DEV Community

Cover image for Deep Dive into SQLite’s Internal Architecture
Athreya aka Maneshwar
Athreya aka Maneshwar

Posted on • Edited on

Deep Dive into SQLite’s Internal Architecture

Hello, I'm Maneshwar. I'm building git-lrc, an AI code reviewer that runs on every commit. It is free, unlimited, and source-available on Github. Star Us to help devs discover the project. Do give it a try and share your feedback for improving the product.

SQLite is one of the most widely used embedded databases, powering everything from browsers to mobile apps.

Your program links SQLite and calls functions; SQLite translates SQL into bytecode and executes it inside a virtual machine that manipulates B-trees stored in a single database file.

The main logical components are:

  1. SQL layer — parser, analyzer, and code generator (turns SQL into VDBE bytecode).
  2. VDBE (Virtual DataBase Engine) — the virtual machine that executes the bytecode.
  3. B-Tree layer — data storage abstraction: tables and indexes are B-trees stored in the file.
  4. Pager — manages pages in memory, journal files, atomic commit/rollback, and crash-safety.
  5. VFS (OS interface) — file-system abstraction layer that performs the low-level I/O and locking.
  6. Cache and page cache — memory pages for the DB file; interacts with pager and B-tree.

From SQL to work: parser → bytecode → VM

  • When you execute SQL, SQLite first tokenizes and parses it, runs analysis/semantic checks, then emits portable bytecode (the VDBE program). The VDBE has opcodes for scanning B-trees, reading/writing columns, doing joins, sorting, aggregations, etc.
  • The VM is a stack/register machine implemented in vdbe.c and friends. Execution of this bytecode is how SELECT/INSERT/UPDATE/DELETE actually access the B-trees and pages.

Why this matters: Because SQLite is an embedded library, compiling SQL to a compact bytecode and using an in-process VM avoids IPC/serialization overhead and improves latency for small queries.

On-disk layout: pages and B-trees

  • Single file: an SQLite database (schema, tables, indices, data) is stored in one cross-platform file.
    The file is split into fixed-size pages (default 4096 bytes but configurable). Each table/index is stored in a separate B-tree structure mapped onto those pages.
    Interior pages store keys/ranges, leaf pages hold row payloads (SQLite uses B+tree-like organization).
    The file format (header, page types, cell encodings, variable-length integers) is precisely defined to be stable across versions.

  • Variable-length records and compact storage are used to pack rows efficiently; overflow pages are used when payloads exceed one page.

Pager and crash-safety (journaling)

The pager is the subsystem responsible for reading/writing pages and ensuring atomic commit/rollback across crashes.

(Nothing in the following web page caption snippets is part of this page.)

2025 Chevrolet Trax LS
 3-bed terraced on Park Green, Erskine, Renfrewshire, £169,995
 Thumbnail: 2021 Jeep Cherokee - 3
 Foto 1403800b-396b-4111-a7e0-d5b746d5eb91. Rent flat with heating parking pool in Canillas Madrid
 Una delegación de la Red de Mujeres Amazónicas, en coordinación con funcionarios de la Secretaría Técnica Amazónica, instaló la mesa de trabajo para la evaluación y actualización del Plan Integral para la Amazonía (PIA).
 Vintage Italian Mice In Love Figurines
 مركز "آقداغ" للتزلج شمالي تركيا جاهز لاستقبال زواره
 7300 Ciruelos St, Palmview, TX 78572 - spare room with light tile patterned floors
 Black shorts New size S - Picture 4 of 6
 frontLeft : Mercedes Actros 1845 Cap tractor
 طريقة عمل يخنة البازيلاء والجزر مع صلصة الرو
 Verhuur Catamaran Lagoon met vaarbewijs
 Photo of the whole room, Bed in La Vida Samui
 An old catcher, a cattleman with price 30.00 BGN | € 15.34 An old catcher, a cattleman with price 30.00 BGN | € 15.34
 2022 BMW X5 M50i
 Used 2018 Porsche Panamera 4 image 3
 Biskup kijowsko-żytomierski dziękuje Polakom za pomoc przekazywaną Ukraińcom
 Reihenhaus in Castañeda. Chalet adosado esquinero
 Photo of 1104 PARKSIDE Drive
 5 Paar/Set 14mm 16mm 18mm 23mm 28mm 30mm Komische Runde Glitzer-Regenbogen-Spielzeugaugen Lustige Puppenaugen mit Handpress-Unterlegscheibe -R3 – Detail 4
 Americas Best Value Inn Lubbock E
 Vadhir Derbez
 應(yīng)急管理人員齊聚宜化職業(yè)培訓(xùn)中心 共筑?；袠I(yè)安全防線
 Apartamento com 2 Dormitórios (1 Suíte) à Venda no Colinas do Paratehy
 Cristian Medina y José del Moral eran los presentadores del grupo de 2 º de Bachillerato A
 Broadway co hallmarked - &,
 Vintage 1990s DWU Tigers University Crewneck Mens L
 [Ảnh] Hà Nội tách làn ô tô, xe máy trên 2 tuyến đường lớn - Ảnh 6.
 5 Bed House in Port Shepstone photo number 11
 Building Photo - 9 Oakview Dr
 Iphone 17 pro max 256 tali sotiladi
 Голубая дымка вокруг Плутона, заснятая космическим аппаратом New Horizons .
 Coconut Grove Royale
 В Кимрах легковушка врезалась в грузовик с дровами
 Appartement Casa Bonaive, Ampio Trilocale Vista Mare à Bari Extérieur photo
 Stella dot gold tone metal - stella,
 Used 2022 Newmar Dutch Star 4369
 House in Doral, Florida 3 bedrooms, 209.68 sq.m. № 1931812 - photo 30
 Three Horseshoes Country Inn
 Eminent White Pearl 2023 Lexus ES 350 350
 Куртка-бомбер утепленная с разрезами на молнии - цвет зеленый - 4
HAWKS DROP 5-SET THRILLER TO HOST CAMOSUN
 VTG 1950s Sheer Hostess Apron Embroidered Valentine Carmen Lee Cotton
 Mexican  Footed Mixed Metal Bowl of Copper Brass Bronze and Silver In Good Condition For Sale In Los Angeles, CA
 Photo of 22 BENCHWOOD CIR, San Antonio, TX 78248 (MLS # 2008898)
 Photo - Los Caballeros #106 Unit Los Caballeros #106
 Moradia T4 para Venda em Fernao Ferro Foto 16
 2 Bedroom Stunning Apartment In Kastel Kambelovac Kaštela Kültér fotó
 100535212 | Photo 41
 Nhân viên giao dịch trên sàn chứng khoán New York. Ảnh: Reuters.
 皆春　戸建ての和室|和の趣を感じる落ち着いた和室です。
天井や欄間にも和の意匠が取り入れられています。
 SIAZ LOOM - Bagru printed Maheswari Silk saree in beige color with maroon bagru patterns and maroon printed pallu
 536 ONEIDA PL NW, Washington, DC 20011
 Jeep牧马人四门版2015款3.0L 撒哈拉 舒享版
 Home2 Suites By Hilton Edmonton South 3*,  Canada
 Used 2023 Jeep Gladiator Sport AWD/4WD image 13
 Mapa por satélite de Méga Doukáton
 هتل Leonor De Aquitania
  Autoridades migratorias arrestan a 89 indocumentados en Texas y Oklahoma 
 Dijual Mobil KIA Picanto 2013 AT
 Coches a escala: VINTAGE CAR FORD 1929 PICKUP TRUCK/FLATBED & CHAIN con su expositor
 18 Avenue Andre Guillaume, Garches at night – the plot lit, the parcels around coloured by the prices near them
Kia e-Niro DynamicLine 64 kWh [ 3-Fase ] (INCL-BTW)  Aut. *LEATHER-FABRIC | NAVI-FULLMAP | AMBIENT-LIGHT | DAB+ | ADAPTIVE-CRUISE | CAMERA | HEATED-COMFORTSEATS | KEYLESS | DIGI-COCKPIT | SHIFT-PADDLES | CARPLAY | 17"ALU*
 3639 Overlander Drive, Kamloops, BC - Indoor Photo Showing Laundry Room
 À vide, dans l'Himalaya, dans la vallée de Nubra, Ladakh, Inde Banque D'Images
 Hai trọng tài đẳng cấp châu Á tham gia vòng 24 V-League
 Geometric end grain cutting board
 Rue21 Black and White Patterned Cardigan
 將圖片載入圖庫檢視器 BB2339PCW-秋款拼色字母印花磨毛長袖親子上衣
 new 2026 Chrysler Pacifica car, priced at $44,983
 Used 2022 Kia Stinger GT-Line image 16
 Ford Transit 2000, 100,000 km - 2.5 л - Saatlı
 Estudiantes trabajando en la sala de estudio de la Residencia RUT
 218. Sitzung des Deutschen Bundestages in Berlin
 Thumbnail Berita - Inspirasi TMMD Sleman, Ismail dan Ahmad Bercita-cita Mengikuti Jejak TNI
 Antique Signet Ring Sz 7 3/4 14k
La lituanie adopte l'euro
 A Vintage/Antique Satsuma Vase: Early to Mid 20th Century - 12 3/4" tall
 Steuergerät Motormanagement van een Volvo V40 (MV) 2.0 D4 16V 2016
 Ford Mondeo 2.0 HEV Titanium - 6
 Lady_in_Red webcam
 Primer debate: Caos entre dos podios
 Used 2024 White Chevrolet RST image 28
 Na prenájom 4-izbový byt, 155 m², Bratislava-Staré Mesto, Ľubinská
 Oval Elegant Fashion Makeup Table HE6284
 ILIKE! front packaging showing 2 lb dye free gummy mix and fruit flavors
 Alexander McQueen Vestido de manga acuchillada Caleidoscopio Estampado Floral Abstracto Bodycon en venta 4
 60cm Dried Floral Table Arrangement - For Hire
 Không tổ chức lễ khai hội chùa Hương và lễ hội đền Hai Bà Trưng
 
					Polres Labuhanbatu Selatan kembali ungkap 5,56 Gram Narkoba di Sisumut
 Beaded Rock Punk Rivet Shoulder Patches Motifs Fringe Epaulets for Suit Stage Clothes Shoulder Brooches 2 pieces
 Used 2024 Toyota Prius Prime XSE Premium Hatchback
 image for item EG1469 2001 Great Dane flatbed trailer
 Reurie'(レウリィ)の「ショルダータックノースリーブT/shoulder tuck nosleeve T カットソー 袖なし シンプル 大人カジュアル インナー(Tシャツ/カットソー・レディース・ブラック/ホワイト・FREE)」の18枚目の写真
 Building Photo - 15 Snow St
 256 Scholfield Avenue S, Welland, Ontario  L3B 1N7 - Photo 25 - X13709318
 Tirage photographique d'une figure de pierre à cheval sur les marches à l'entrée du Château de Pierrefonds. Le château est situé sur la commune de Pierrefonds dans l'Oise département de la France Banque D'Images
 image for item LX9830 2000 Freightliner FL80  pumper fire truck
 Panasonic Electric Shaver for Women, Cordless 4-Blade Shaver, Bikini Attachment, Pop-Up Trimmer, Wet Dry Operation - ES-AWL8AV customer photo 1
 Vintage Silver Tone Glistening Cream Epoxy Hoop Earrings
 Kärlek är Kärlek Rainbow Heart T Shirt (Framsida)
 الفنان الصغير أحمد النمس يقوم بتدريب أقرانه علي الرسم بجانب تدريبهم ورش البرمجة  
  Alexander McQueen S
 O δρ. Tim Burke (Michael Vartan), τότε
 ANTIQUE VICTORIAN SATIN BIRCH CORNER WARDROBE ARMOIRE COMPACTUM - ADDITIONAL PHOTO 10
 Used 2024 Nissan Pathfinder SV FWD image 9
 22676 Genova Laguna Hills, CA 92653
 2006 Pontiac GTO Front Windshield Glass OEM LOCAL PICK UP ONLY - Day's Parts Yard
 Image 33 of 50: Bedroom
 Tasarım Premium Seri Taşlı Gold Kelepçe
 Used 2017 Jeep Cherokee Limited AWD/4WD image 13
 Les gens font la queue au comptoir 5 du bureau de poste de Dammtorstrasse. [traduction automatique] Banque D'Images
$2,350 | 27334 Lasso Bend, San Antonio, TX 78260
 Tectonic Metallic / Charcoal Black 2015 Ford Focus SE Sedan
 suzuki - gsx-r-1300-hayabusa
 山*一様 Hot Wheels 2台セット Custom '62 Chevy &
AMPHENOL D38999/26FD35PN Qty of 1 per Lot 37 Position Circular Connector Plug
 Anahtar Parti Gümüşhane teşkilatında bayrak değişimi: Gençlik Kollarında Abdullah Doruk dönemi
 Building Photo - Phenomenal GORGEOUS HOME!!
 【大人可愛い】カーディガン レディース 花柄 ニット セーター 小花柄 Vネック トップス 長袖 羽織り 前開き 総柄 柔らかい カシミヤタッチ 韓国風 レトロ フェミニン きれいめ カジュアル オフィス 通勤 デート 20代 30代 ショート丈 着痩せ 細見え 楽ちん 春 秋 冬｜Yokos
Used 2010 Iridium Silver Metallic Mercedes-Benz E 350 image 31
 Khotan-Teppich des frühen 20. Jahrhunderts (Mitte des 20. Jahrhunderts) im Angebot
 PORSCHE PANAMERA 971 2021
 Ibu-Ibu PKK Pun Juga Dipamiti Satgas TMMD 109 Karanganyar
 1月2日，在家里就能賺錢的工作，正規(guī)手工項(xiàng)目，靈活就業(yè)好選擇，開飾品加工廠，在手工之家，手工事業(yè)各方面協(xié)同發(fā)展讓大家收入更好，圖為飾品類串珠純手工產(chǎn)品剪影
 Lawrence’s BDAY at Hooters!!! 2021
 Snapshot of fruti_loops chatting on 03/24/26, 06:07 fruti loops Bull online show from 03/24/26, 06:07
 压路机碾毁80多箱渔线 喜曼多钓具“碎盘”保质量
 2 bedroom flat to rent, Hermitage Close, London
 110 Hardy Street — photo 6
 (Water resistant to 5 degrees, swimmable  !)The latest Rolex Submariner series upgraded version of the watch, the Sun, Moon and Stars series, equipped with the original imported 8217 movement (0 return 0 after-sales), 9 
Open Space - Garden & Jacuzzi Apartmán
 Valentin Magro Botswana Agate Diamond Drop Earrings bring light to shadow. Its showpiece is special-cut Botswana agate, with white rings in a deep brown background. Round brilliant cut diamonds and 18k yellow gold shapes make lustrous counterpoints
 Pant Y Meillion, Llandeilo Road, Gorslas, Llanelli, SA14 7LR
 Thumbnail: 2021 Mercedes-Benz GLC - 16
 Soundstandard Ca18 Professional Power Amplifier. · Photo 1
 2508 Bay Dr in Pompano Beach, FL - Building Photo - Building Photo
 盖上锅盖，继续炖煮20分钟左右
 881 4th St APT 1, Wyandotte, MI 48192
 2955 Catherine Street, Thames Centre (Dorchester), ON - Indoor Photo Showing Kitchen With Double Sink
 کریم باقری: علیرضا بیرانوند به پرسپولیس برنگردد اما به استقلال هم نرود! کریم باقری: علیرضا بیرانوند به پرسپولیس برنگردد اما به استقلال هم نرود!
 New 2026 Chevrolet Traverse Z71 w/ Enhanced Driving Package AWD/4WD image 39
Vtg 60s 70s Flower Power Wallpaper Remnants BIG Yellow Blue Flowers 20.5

Two primary journaling models:

  1. Rollback journal (classic journaling)
  • When a transaction begins, the pager writes the original contents of pages that will be modified into a rollback journal file. If a crash happens before commit, the journal is replayed to restore the original DB. On successful commit, the journal is deleted (or overwritten). This provides atomicity and durability.
  1. Write-Ahead Log (WAL) mode (recommended for many concurrent workloads)
  • Instead of writing old page images, changes are appended to a WAL file. Readers read the original DB file plus WAL frames to see the latest committed state; writers append to WAL and commit by marking a frame header. WAL allows concurrent readers and a writer (readers never block writers, and writers don’t block readers) which is a big concurrency improvement over the rollback journal. Periodically, a checkpoint copies WAL frames back into the main DB file and truncates the WAL. The WAL file format, index, and locking rules are explicitly specified.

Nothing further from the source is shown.